Osteomyelitis often requires prolonged antibiotic therapy for weeks or months. A PICC line or central venous catheter can be placed for long-term intravenous medication administration. Some studies of children with acute osteomyelitis report that antibiotic by mouth may be justified due to PICC-related complications.[30] [31] It may require surgical debridement in severe cases, or even amputation. Antibiotics by mouth and by intravenous appear similar.[32] [33]
Due to insufficient evidence it is unclear what the best antibiotic treatment is for osteomyelitis in people with sickle cell disease as of 2019.[34]
Initial first-line antibiotic choice is determined by the patient's history and regional differences in common infective organisms. A treatment lasting 42 days is practiced in a number of facilities.[35] Local and sustained availability of drugs have proven to be more effective in achieving prophylactic and therapeutic outcomes.[36] Open surgery is needed for chronic osteomyelitis, whereby the involucrum is opened and the sequestrum is removed or sometimes saucerization[37] can be done. Hyperbaric oxygen therapy has been shown to be a useful adjunct to the treatment of refractory osteomyelitis.[38]
Before the widespread availability and use of antibiotics, blow fly larvae were sometimes deliberately introduced to the wounds to feed on the infected material, effectively scouring them clean.[39] [40]
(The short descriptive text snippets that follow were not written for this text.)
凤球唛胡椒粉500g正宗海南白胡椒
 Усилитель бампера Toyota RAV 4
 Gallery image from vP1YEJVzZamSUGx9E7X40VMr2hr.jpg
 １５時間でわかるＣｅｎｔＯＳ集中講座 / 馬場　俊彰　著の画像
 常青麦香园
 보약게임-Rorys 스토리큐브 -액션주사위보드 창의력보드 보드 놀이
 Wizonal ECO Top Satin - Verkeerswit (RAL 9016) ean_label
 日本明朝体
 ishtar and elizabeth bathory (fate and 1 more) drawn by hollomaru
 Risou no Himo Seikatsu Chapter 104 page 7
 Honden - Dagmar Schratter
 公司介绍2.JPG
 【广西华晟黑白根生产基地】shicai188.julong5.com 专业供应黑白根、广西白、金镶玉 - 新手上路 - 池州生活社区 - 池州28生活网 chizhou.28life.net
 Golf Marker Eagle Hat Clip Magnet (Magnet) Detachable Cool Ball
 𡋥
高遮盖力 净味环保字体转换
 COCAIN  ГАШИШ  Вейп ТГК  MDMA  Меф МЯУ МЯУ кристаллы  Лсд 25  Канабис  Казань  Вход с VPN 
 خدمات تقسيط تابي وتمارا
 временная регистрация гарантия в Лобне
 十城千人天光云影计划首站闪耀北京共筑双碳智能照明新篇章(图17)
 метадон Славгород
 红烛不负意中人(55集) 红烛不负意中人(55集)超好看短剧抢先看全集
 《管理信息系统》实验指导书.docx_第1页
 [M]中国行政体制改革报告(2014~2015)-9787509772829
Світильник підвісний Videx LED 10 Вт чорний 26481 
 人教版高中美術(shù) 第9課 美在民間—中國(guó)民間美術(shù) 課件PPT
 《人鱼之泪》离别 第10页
There is tentative evidence that bioactive glass may also be useful in long bone infections.[41] Support from randomized controlled trials, however, was not available as of 2015.[42]
Hemicorporectomy is performed in severe cases of Terminal Osteomyelitis in the Pelvis if further treatment won't stop the infection.[43]
The word is from Greek words ὀστέον osteon, meaning bone, μυελός myelos meaning marrow, and -ῖτις -itis meaning inflammation.
In 1875, American artist Thomas Eakins depicted a surgical procedure for osteomyelitis at Jefferson Medical College, in an oil painting titled The Gross Clinic.[44]
Canadian politician and premier of Saskatchewan Tommy Douglas suffered from osteomyelitis as a child, and in 1910, underwent several surgeries, which the surgeon performed for free in exchange for allowing his medical students to observe the procedures (which Douglas's parents could not have otherwise afforded). This experience convinced him that medical care should be free for everyone.[45] Douglas became known as the Canadian "Father of Medicare."[46]
See main article: Paleopathology. Evidence for osteomyelitis found in the fossil record is studied by paleopathologists, specialists in ancient disease and injury. It has been reported in fossils of the large carnivorous dinosaur Allosaurus fragilis.[47] Osteomyelitis has been also associated with the first evidence of parasites in dinosaur bones.[48]